Virginia Democrat Ralph Northam’s gubernatorial campaign suffered another embarrassment yesterday when it was revealed that they circulated fliers supporting the Democrat ticket in Virginia that excluded the party’s lieutenant governor nominee, Justin Fairfax. While Northam and Democrat Attorney General Mark Herring were prominently pictured on the fliers, Fairfax was nowhere to be seen.
The Richmond Times-Dispatch reports that Northam left out his running mate at the request of the Laborers’ International Union of North America, whose spokesman claimed that Fairfax “wasn’t supporting us on the issues.”
Not only does this debacle raise serious questions about the Democrat ticket’s unity three weeks before Election Day, but it further proves just how beholden Northam is to big labor. Northam has already refused to say that he will protect Virginia’s Right-To-Work laws after taking massive contributions from unions. And if big labor can force Northam to distance himself from his own Democrat running mate, what else could they make him do if elected?

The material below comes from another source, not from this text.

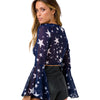 Long Sleeve V Neck Bow Chiffon Blouse Print Flare Sleeve Casual Shirt Crop Tops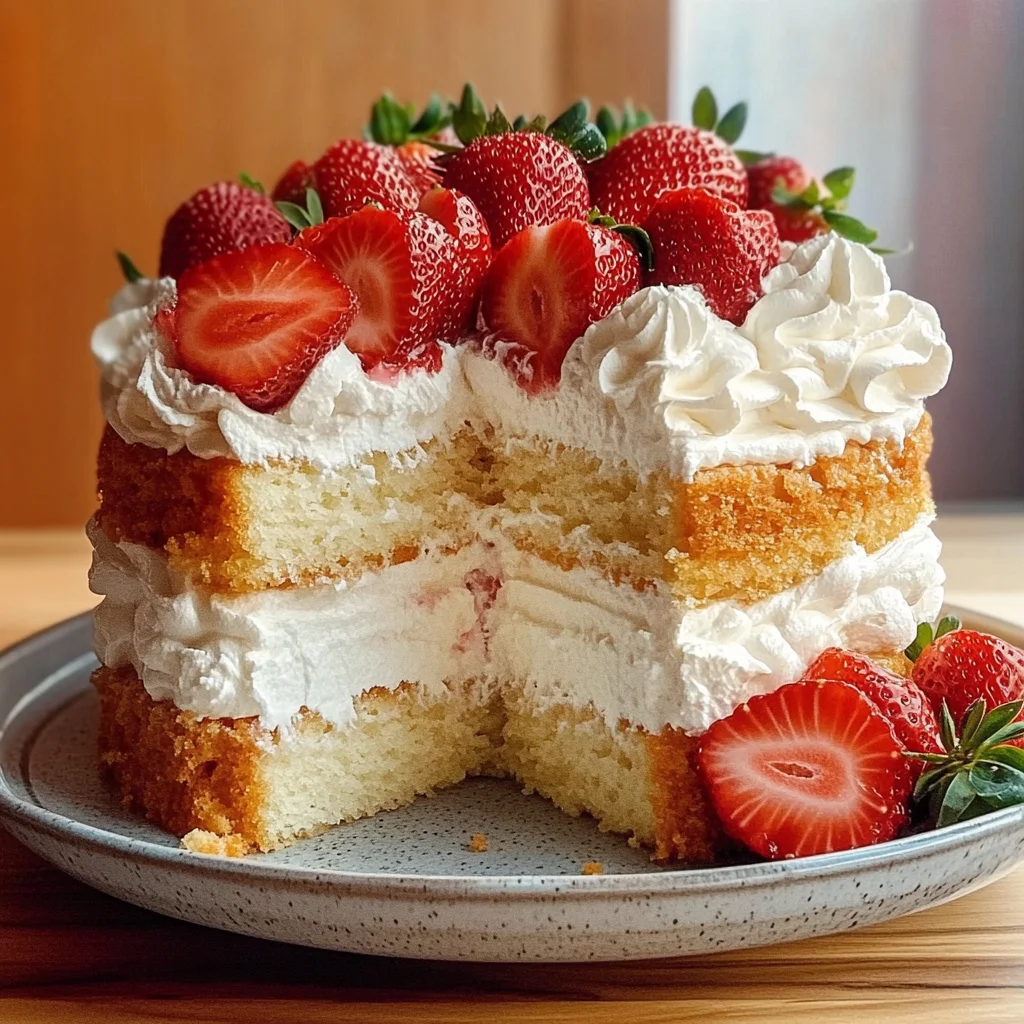 Angel Food Cake with Strawberries & Cream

Here’s more from the Richmond Times-Dispatch:
The campaign of Democratic gubernatorial candidate Ralph Northam printed some fliers that excluded a picture of ticket mate Justin Fairfax to accommodate a union that has endorsed Northam but not Fairfax.

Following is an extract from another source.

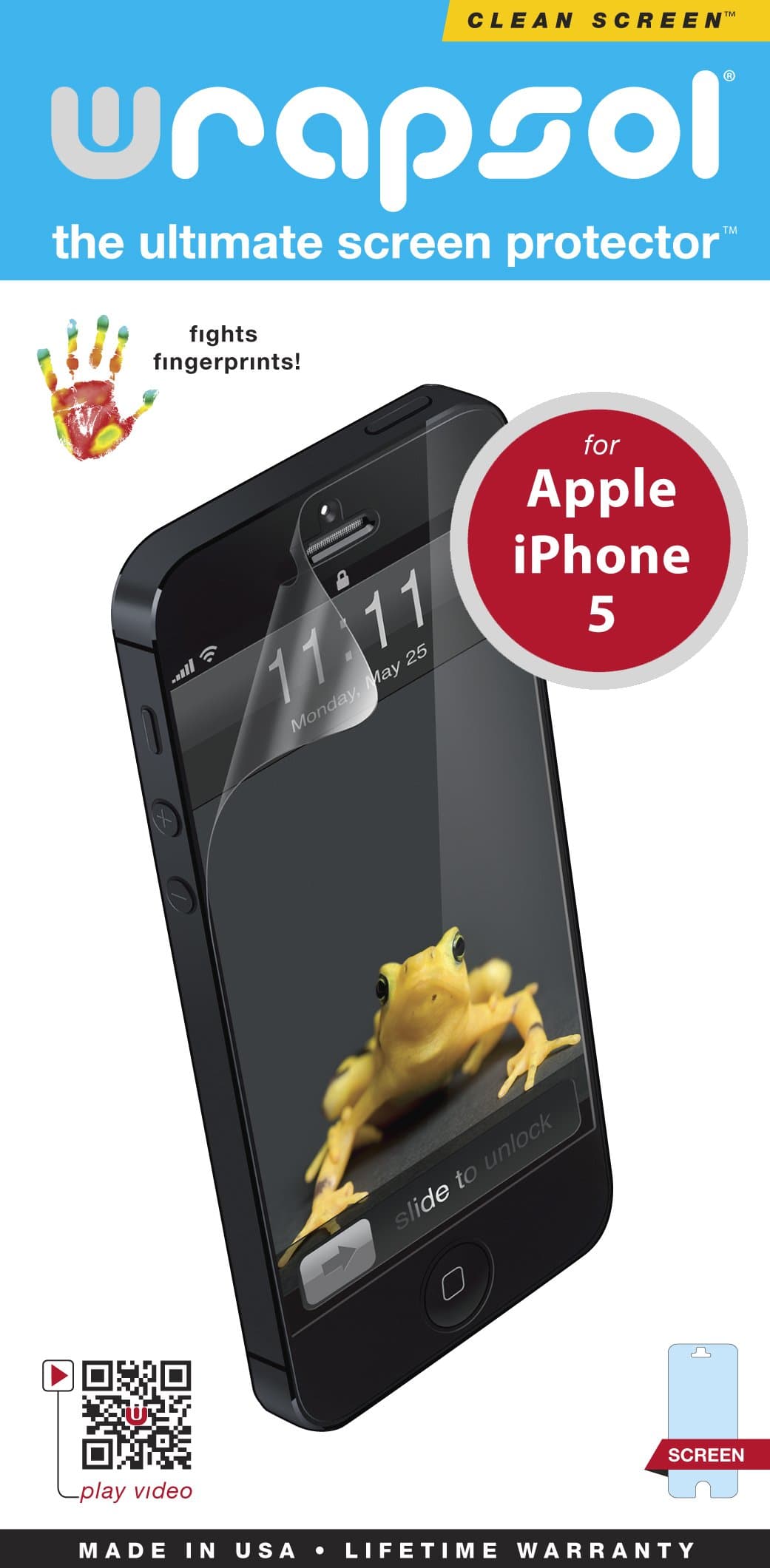 Wrapsol Clean Screen Protector for Apple iPhone 5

The fliers appear similar to other fliers that include all three Democrats on the statewide ballot Nov. 7: Northam; Fairfax, the party’s nominee for lieutenant governor; and Attorney General Mark R. Herring. The fliers are handed out by canvassers knocking doors.
In the Fairfax-free flier created for the Democratic friendly Laborers’ International Union of North America, all references to Fairfax – including his picture – are gone. Those fliers have been used in Northern Virginia.

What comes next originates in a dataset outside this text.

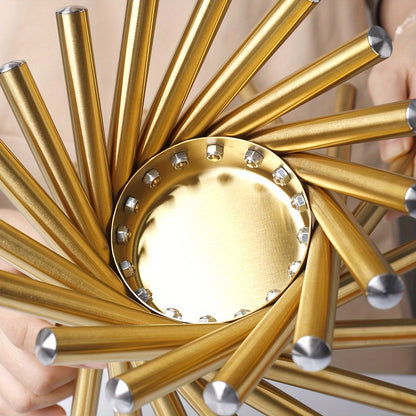 Cesta de frutas de aço inoxidável dourado - 1 peça grande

The union requested a flier that did not include Fairfax, said Brian Petruska, general counsel with the LIUNA Mid-Atlantic Region Organizing Coalition, because Fairfax did not complete their questionnaire and ‘wasn’t supporting us on the issues,’ he said.
Among those issues: Two controversial natural gas pipelines, the EQT Midstream Partners’ Mountain Valley Pipeline and the Dominion Energy-led Atlantic Coast Pipeline, which are proposed to cross Virginia. Fairfax is among the environmentalist Democratic base in Virginia that’s opposed to the pipelines. Northam does not oppose the pipelines.